Solicitor ordered to pay employee $170,000 for ‘sinister’ sexual harassment
A solicitor has been ordered to pay $170,000 in damages to a female employee he subjected to “relentless” sexual harassment.
Owen Hughes, the principal at Beesley and Hughes in northern NSW, made numerous sexual advances towards his employee over several months. These included bombarding her with emails, blocking her exit and coercing her to hug him on a number of occasions and once entering her bedroom in his underwear while on a work trip.
Some of his emails included veiled threats that her employment depended upon her entering a sexual relationship with him.
Part of one email stated:
“I want to be your lover and I do know how to be friend with you.
The way it is you need to show me you will get there work wise.
I can do a full staff assessment if you like.
To be honest I can see you would get there like in a timeframe I can live with if I was at full speed and we were lovers but your work output is not there otherwise.
Just look at what you achieve and it will not pay the bills and make me a profit on any view I am afraid.
That is the harsh reality of business.
I need a lover and well if it is not you well…see my other emails.”
In a previous email he had written:
“I know you might decide that we should just have a working relationship but I need someone.
All cool if you want to just work for me about at the end of the day you have would have a Ukrainian woman working for me as well as you and you might be sorry you turned me down romantically.”
Federal Circuit Court Judge Salvatore Vasta found that the principal’s actions were “the very conduct that the law of sexual harassment seeks to eliminate”.
“The conduct of [Mr Hughes] was relentless.
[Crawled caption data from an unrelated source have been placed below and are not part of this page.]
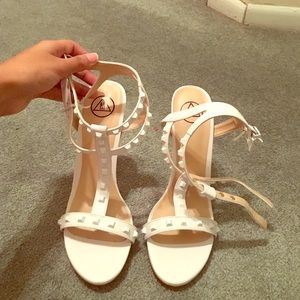 White ankle strap heels
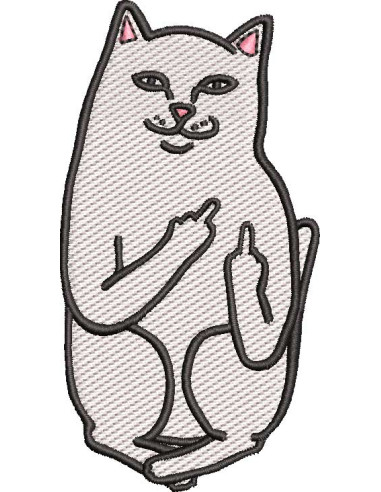 White Cat Middle finger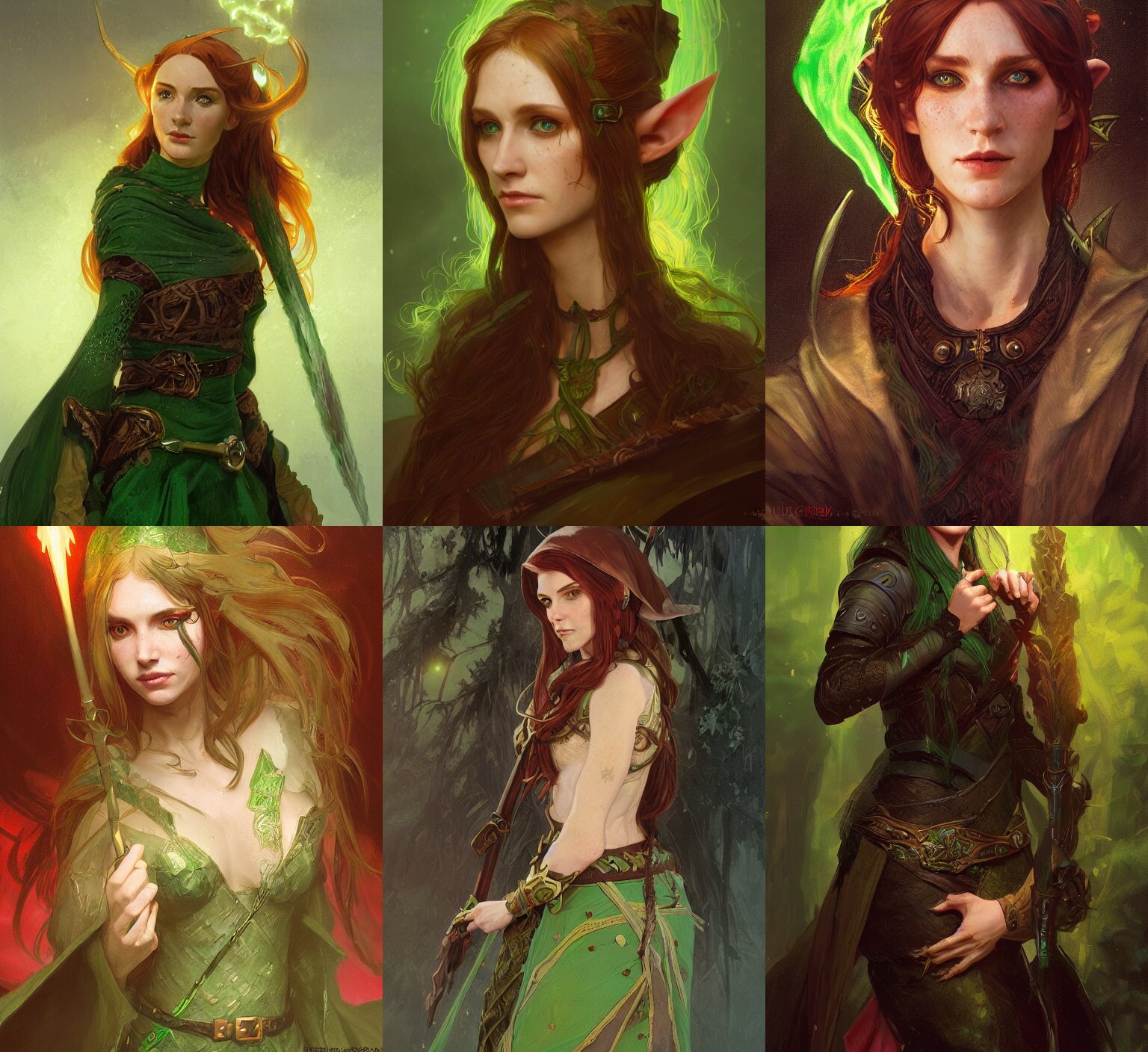 Lexica - Medium - length portrait of a female elf warlock with glowy green  eyes, bushy red hair, freckles, medieval setting, highly detailed,  digital...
He took advantage of the vulnerability of [the employee] in announcing ‘his feelings’ for her during a time that he was actually acting as her ‘legal representative’. He had no regard to the position in which [the employee] found herself but proceeded to act according to his own desires as if they were the only things that truly mattered,” Judge Vasta said.
“Having been told by [the employee] that she wanted to only have a ‘working relationship’ with him, [Mr Hughes] attempted to manufacture a situation in Sydney where he could begin a sexual relationship with [the employee].
“He coerced physical contact with her, in the form of hugs, which he knew could never be appropriate in a workplace. This is especially so when he is in the position of employer and she is an employee whom he knows is desperate to keep her job.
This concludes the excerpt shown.